[Opening MATERIAL PROVIDED section]

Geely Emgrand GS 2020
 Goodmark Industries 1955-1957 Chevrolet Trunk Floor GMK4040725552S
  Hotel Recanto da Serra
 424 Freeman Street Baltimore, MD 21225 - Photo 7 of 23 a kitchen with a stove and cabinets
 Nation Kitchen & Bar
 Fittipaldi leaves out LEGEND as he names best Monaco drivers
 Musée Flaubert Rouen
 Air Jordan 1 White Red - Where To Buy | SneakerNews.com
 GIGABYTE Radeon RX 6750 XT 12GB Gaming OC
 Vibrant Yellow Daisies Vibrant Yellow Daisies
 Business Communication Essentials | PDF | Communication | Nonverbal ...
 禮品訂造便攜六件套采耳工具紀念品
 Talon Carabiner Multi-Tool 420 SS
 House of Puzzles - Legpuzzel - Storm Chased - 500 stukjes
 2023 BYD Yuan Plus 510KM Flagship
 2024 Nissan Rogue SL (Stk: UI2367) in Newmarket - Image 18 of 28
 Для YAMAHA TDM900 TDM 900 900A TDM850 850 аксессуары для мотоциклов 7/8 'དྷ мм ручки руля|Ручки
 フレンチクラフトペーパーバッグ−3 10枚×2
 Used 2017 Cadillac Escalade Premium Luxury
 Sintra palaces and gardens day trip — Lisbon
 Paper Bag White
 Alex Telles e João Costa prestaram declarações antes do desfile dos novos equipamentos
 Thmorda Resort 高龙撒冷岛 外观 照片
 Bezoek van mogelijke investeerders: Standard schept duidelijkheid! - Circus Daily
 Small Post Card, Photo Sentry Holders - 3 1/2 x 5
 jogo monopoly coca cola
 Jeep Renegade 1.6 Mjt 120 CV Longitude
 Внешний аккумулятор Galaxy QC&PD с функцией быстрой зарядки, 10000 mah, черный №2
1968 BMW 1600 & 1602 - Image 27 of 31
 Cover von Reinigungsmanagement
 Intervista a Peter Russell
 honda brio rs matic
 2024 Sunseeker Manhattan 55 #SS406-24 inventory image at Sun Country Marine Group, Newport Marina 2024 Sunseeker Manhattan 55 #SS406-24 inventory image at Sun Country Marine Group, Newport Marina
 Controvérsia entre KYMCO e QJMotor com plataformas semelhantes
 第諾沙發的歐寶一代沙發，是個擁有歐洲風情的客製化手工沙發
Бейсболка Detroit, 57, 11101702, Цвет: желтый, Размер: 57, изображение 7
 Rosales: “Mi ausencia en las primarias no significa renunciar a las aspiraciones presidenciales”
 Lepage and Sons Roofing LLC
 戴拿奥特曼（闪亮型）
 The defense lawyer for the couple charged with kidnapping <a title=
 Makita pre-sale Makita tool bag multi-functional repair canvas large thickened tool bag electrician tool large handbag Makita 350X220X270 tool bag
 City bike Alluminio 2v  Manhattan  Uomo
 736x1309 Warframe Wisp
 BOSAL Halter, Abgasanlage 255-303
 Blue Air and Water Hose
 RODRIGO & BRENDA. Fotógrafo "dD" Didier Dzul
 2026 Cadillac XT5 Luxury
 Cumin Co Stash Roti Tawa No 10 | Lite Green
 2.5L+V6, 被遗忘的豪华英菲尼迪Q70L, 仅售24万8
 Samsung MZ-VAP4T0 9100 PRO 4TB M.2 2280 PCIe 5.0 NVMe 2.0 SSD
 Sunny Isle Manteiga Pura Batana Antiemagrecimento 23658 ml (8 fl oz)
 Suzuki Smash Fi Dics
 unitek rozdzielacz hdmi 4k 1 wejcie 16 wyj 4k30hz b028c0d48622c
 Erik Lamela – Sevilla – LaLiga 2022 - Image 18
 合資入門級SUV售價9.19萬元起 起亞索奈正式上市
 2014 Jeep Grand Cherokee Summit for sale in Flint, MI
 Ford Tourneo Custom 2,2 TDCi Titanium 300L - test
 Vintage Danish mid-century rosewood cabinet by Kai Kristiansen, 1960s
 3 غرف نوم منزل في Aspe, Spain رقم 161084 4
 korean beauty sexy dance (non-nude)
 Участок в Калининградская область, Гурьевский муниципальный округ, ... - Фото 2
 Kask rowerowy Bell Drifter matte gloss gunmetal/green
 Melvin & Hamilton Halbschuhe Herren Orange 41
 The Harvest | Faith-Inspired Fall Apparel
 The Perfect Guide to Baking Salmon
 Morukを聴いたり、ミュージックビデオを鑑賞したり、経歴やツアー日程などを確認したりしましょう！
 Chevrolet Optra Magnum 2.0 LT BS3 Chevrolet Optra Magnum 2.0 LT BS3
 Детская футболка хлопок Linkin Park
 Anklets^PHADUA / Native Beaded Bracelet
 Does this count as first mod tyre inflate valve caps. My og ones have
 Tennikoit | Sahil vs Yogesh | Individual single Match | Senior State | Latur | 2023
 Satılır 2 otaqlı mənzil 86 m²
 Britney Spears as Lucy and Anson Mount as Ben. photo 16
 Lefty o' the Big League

[Closing MATERIAL PROVIDED section]

*PROBLEM DETAILS*
Scan the data above, find each line with "White", and copy it.

*ANSWER TO THE PROBLEM*
 Air Jordan 1 White Red - Where To Buy | SneakerNews.com
 Paper Bag White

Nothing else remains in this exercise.